§ REQUIRED WORK:
Write again exactly the lines in the listing below, starting at the line with "Good morning, Mount" and ending at the line with "Honda of Chantilly.", both included. Pictures are not copied.

§ DATA SHOWN:
++++++++

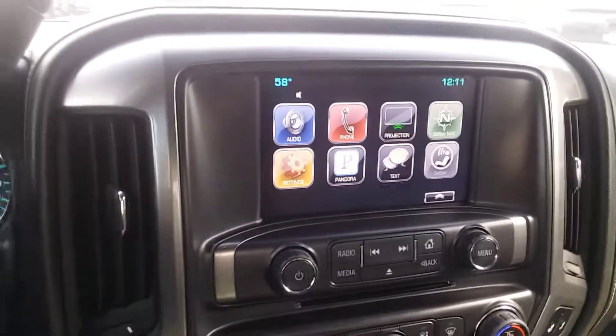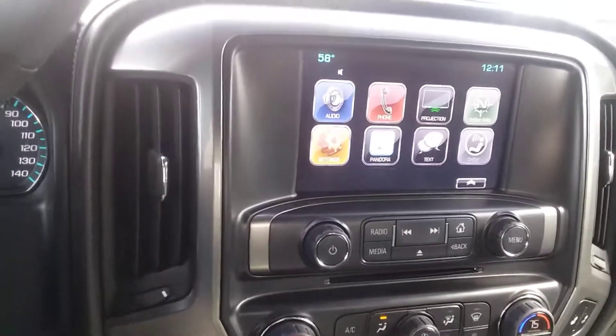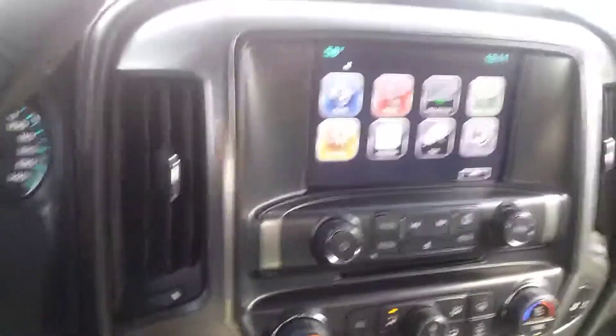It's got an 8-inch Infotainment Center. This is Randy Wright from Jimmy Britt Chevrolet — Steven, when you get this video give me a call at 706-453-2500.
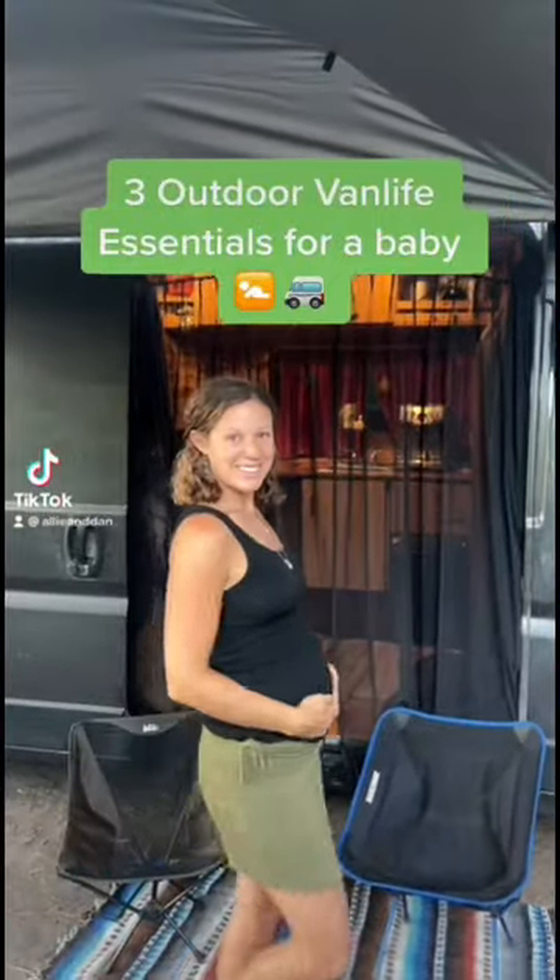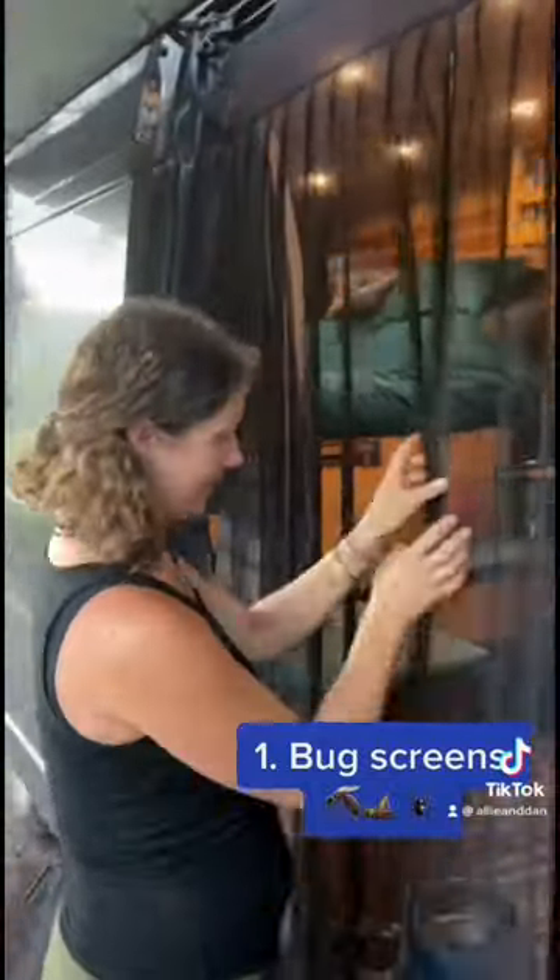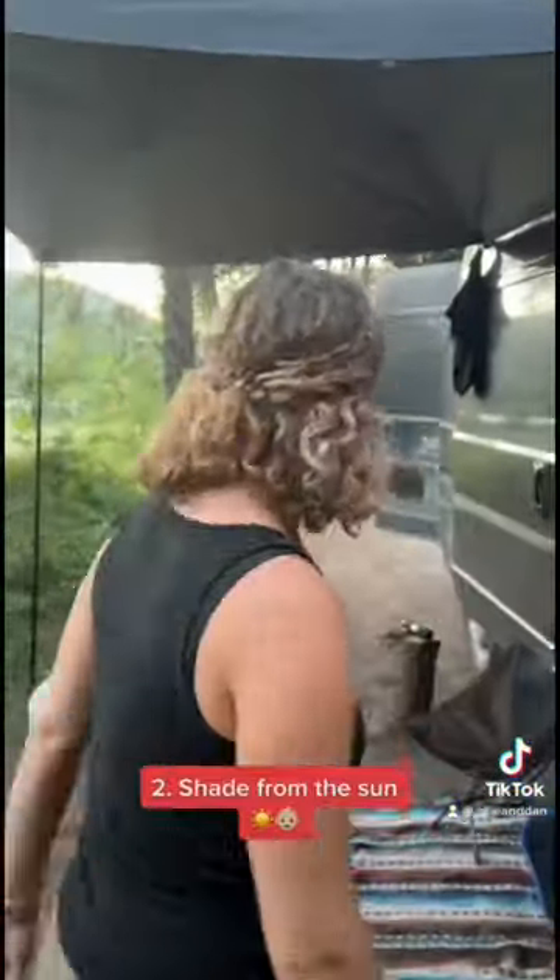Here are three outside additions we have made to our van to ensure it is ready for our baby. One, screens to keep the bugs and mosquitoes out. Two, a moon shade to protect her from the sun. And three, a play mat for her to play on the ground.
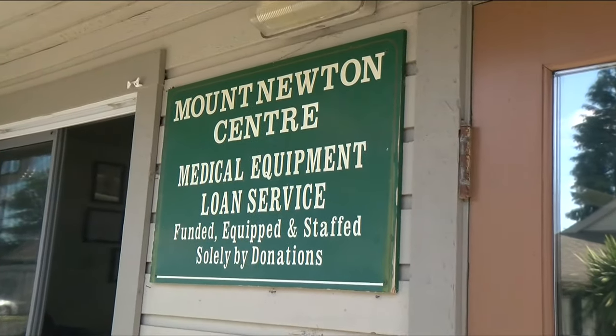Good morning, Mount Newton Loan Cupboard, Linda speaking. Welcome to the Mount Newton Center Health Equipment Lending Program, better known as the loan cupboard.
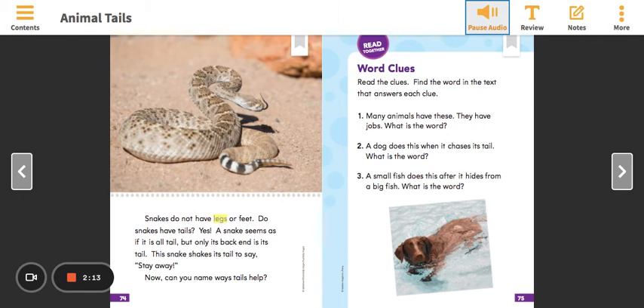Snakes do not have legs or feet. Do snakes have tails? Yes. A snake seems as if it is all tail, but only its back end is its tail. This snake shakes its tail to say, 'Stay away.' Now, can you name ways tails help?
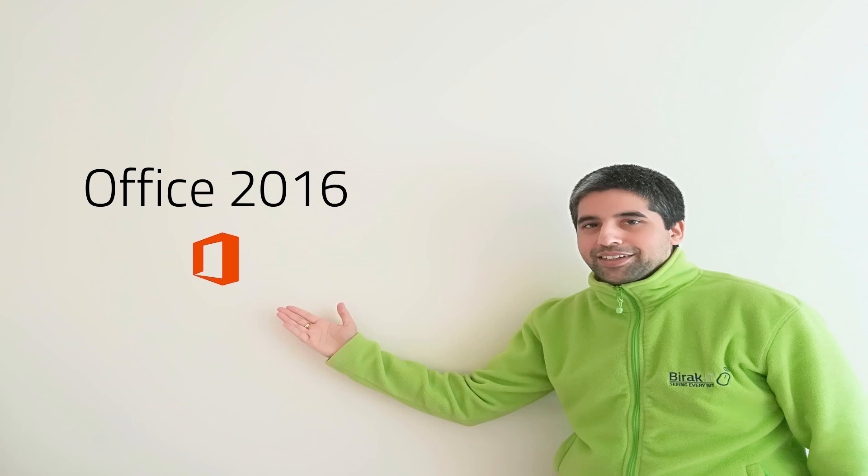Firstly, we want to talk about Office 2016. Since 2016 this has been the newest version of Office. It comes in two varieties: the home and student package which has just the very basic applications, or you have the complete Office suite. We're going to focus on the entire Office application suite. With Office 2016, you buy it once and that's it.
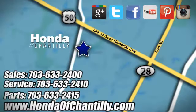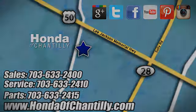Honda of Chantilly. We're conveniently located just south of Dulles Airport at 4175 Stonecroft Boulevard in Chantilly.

++++++++

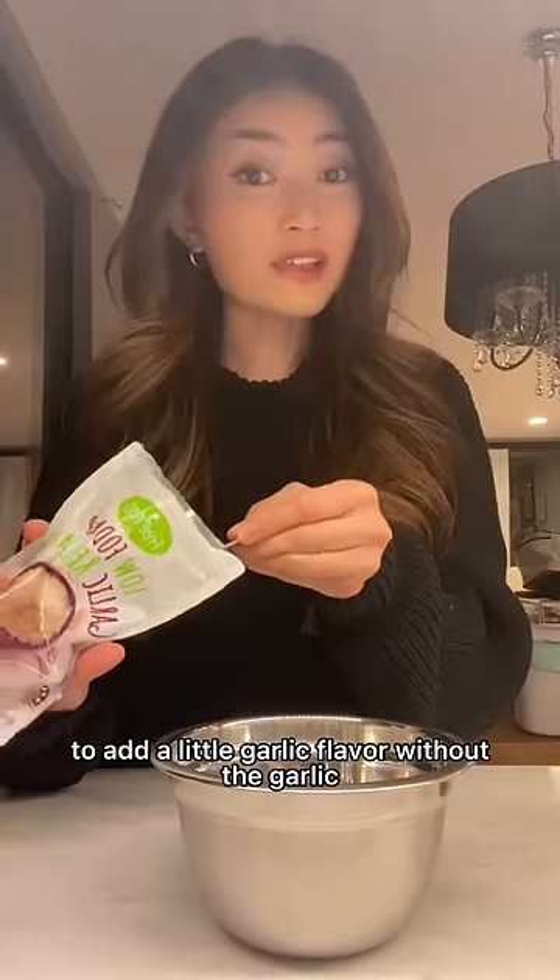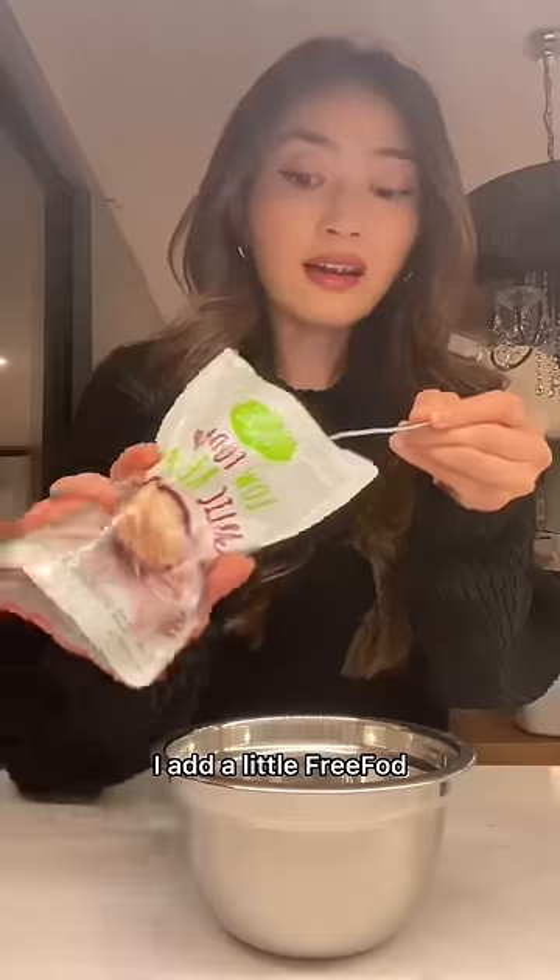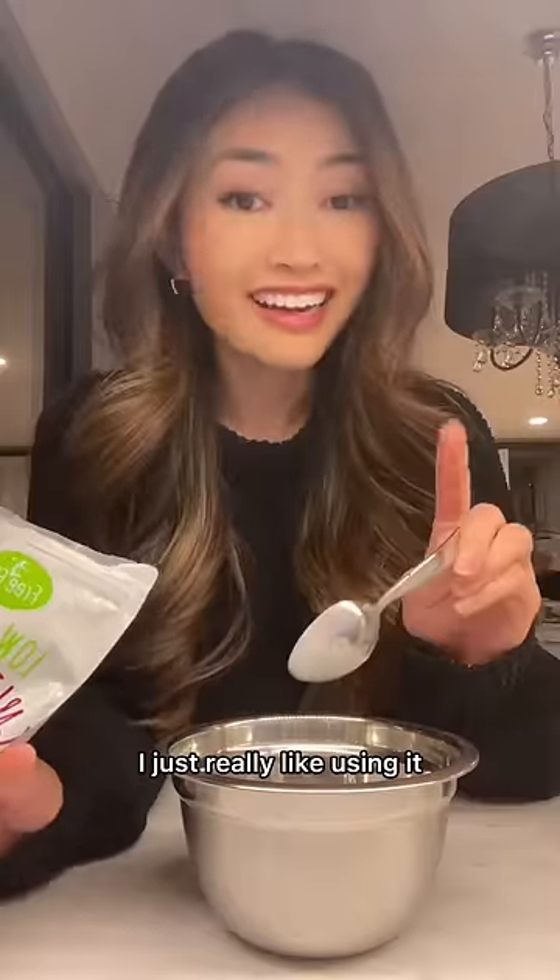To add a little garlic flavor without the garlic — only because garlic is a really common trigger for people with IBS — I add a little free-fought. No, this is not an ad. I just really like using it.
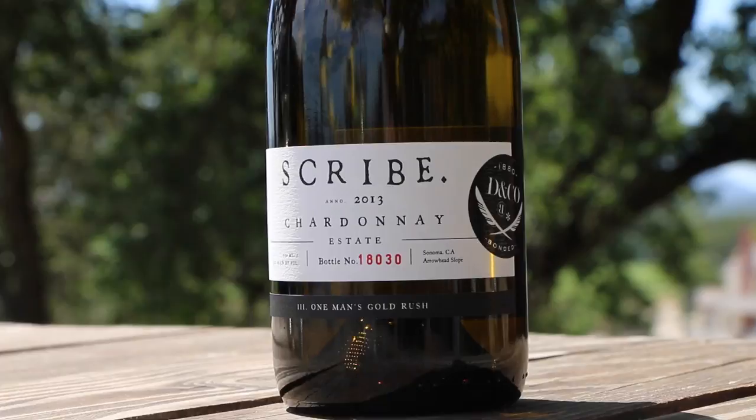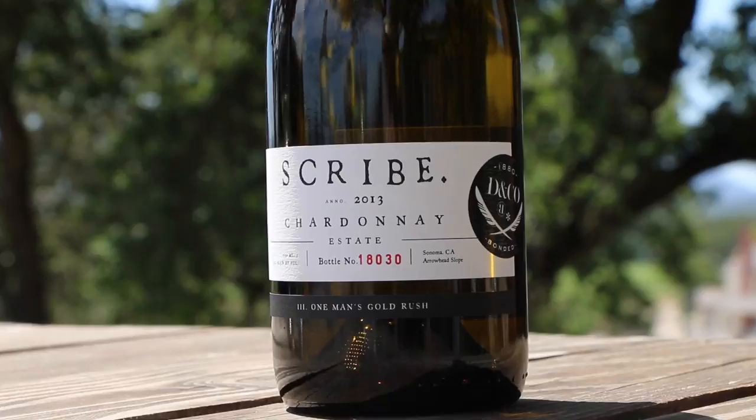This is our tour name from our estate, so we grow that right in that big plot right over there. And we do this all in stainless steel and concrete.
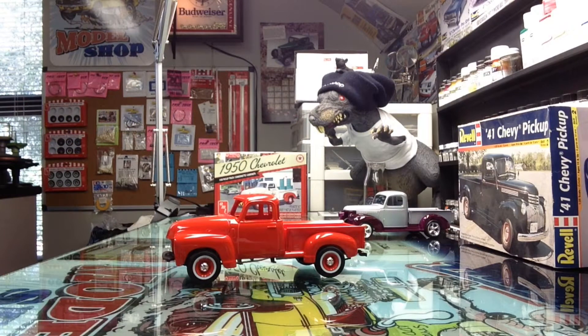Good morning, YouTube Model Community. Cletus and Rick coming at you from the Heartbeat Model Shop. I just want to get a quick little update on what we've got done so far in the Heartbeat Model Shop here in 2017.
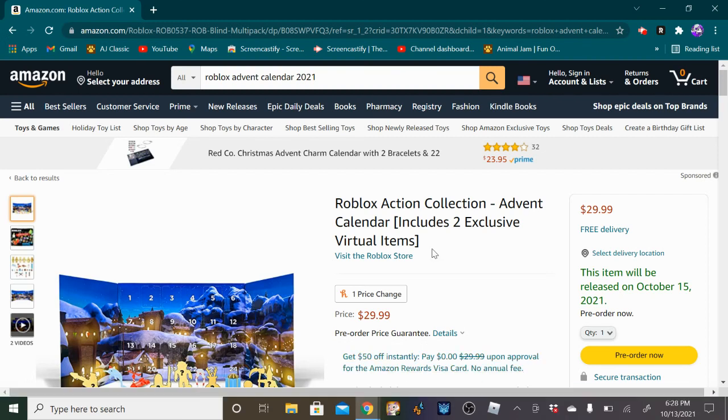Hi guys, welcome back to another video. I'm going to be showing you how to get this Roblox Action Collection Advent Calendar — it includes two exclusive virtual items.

++++++++

§ TASK RESULT:
Good morning, Mount Newton Loan Cupboard, Linda speaking. Welcome to the Mount Newton Center Health Equipment Lending Program, better known as the loan cupboard.
Snakes do not have legs or feet. Do snakes have tails? Yes. A snake seems as if it is all tail, but only its back end is its tail. This snake shakes its tail to say, 'Stay away.' Now, can you name ways tails help?
Firstly, we want to talk about Office 2016. Since 2016 this has been the newest version of Office. It comes in two varieties: the home and student package which has just the very basic applications, or you have the complete Office suite. We're going to focus on the entire Office application suite. With Office 2016, you buy it once and that's it.
Honda of Chantilly. We're conveniently located just south of Dulles Airport at 4175 Stonecroft Boulevard in Chantilly.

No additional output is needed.